- [TASK OBJECTIVE]: Copy word for word each line from the one that has "Christian Dior 2002 Black Trotter Handbag" to the last line of the records, with no other lines.

Stored data
=-=-=-=-=

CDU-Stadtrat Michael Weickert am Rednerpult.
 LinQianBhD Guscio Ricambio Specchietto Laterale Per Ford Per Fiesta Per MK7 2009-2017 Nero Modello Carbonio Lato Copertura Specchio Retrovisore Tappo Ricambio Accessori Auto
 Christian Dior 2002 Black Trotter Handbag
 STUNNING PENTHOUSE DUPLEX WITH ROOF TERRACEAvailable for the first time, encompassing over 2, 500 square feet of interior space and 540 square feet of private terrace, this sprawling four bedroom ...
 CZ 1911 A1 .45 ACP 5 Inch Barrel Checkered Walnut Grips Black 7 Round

=-=-=-=-=

- [RESULT]:
 Christian Dior 2002 Black Trotter Handbag
 STUNNING PENTHOUSE DUPLEX WITH ROOF TERRACEAvailable for the first time, encompassing over 2, 500 square feet of interior space and 540 square feet of private terrace, this sprawling four bedroom ...
 CZ 1911 A1 .45 ACP 5 Inch Barrel Checkered Walnut Grips Black 7 Round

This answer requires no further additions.